One Khmer Rouge member described how villagers sometimes “literally shit in their pants when the big bombs and shells came” and were left shell-shocked. “Even though the shelling had stopped,” he said, “they couldn’t hold down a meal.” Another described how bombs would incinerate villagers in their own homes before they could escape, and how the bombing “engulfed the forests.”

Like the debt today’s Cambodians never signed up for, the remnants of a war they never fought continue to devastate the country. Sixty-four thousand Cambodians have been killed by unexploded ordnance since 1979, most of it land mines, rockets, and bombs left over from the civil war.

Nixon’s ghastly bombing campaign was also a direct cause of the rise of the Khmer Rouge and, consequently, the Cambodian genocide.

According to Kiernan, “Pol Pot’s regime could not have come to power without the massive economic and military destabilization of Cambodia by the United States,” which used the devastation caused by the bombing to both recruit members and justify their murderous policies.

As the aforementioned Khmer Rouge member explained years later, the US bombing was central to their propaganda:

Every time after there had been a bombing, they would take people to see the craters, to see how big and deep the craters were … And the political education cadres would pick up pieces of shrapnel and these slabs of metal that had been part of the bomb casings to show them to the people … They would say that the purpose of the bombing was to completely destroy the country … to annihilate the population.

Once in power, the Khmer Rouge would go on to kill anywhere between 1.2 million and 2.8 million people.

In the face of all this, insisting that Cambodia continue to pay back half a billion dollars to the United States is repugnant on a number of levels, if not exactly a new tactic in the Western world. France famously crippled the world’s first black republic by demanding (at gunpoint) in 1825 that Haiti compensate the French for its own independence and liberation from French slavery to the tune of 150 million francs — a debt France only cancelled 185 years later, following the 2010 earthquake.
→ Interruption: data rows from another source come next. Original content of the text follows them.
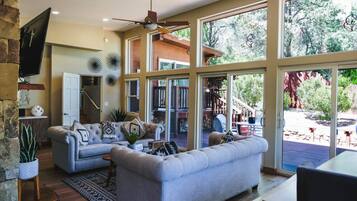 TV, fireplace, table tennis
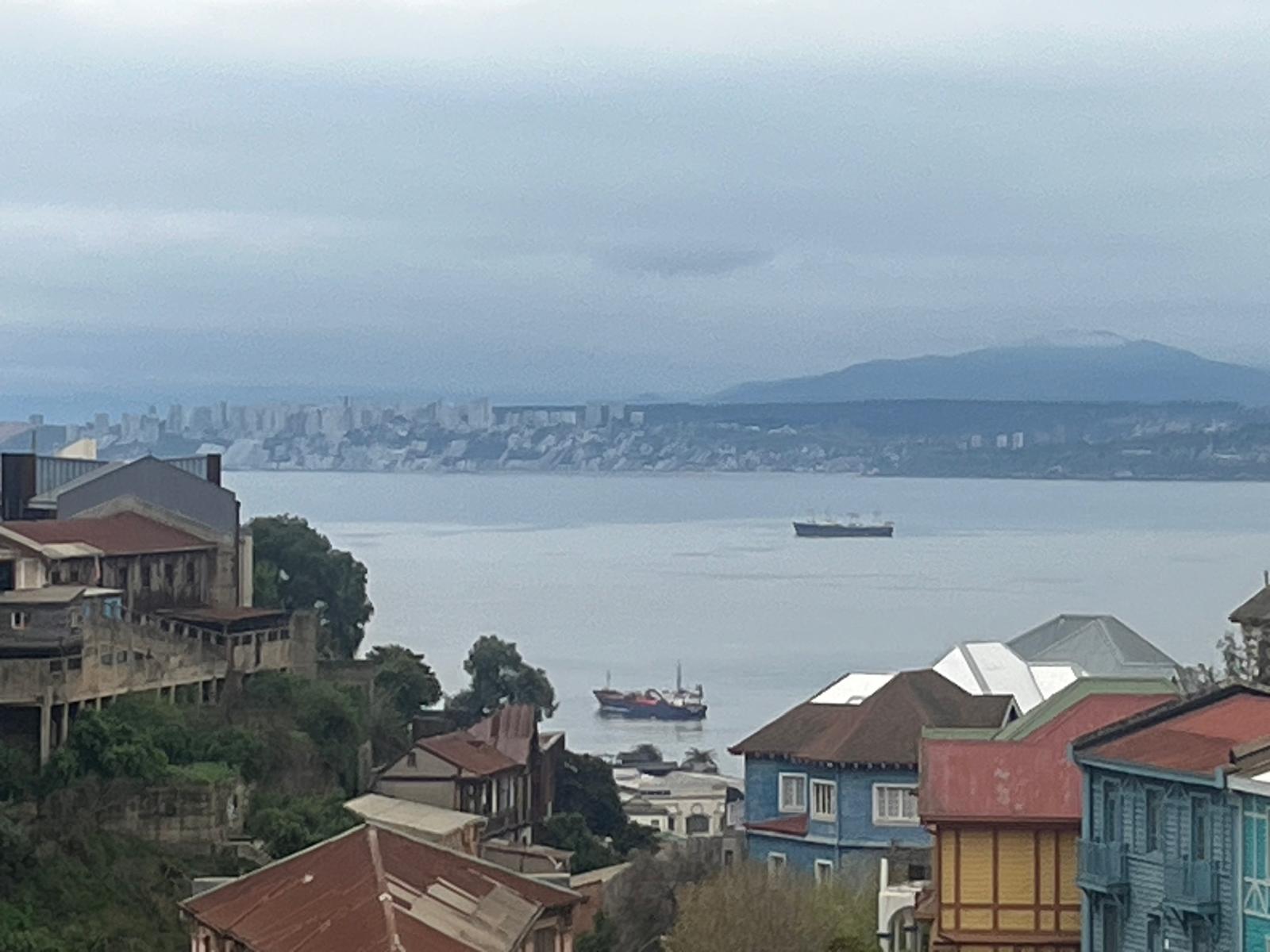 Vista hacia la bahía desde la casa en arriendo en Valparaíso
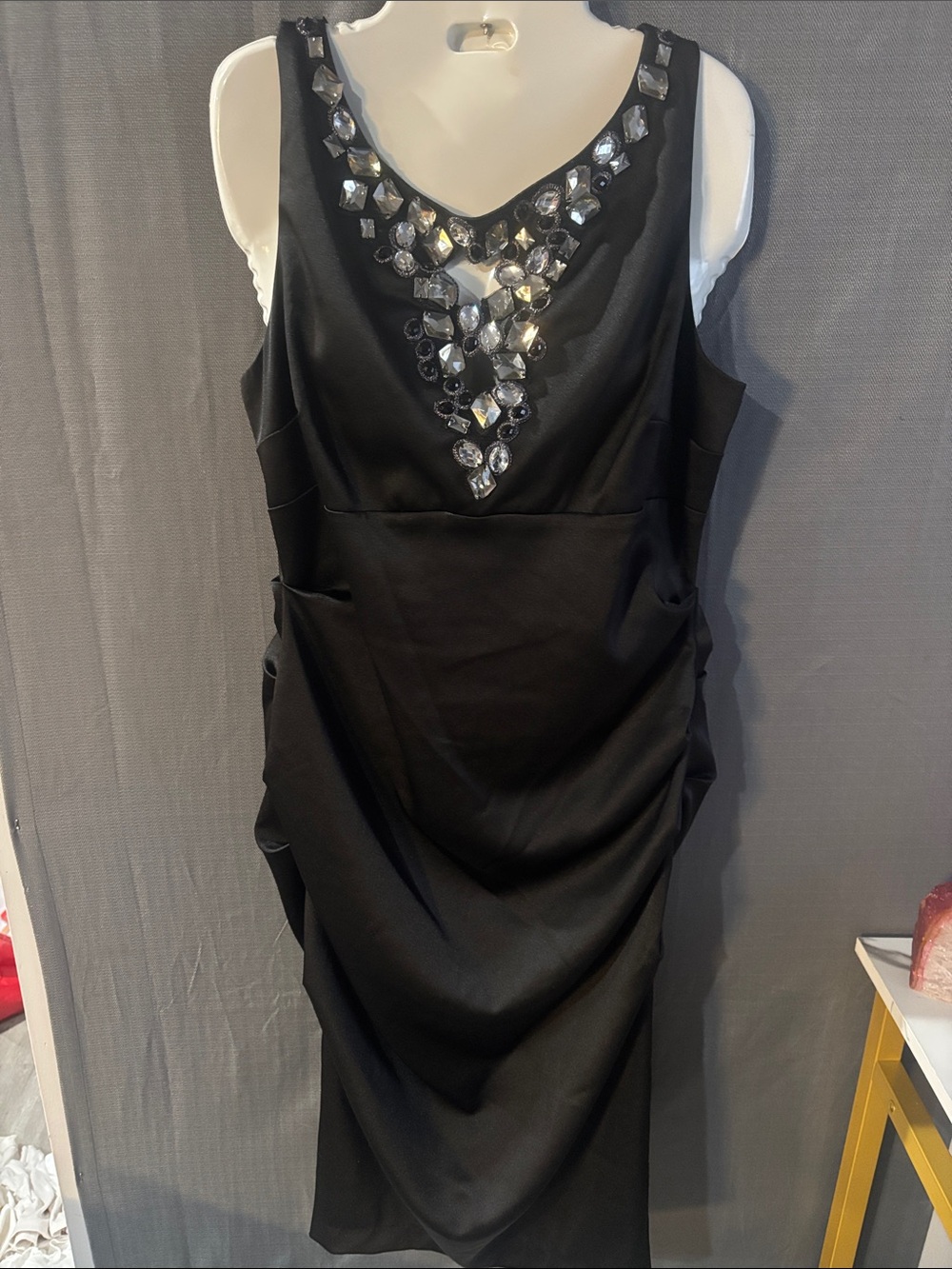 Embellished Black Sleeveless Cocktail Dress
There’s ample precedent for the United States to simply forgive the debt now. In 2004, the Bush administration happily cancelled the entire $4.1 billion (eight times the Cambodian sum) that Iraq owed the United States, going well above the 80 percent Iraq’s other creditors committed to forgiving.

“Lifting the crushing burden of the old regime’s debt is one of the most important contributions we can make to Iraq’s new beginning,” Colin Powell quite reasonably said at the time. (Though Bush’s debt forgiveness was also a Trojan Horse for the IMF to make a “structural adjustment” to the Iraqi economy.)

If the US government was really so loath to give up the money for “nothing,” it could always use the prospect of debt forgiveness as an incentive to nudge the Cambodian government into carrying out reforms in favor of democracy and political freedom, for instance, given that US policymakers are often expressing concern about its poor record in these respects. (Though, given the US track record on such reforms, any such encouragement should be looked at with an extremely skeptical eye.)

Or, as journalist Elizabeth Becker (who covered the genocide in the 1970s) has suggested, it could redistribute the money to those affected by the bombings, or even refinance it for a worthy purpose like education. There’s precedent: The United States did the same with Vietnam’s debt, creating the Vietnam Education Fund in 1997, which refunded around 40 percent of Vietnam’s debt repayments.

More likely, however, the Trump administration will refuse to do anything but demand repayment for the debt lest it be accused of letting a foreign country rip off the United States, while succeeding administrations will continue to ignore Cambodia’s entreaties. If Haiti is anything to go by, we can expect the US government to do the right thing by around 2160.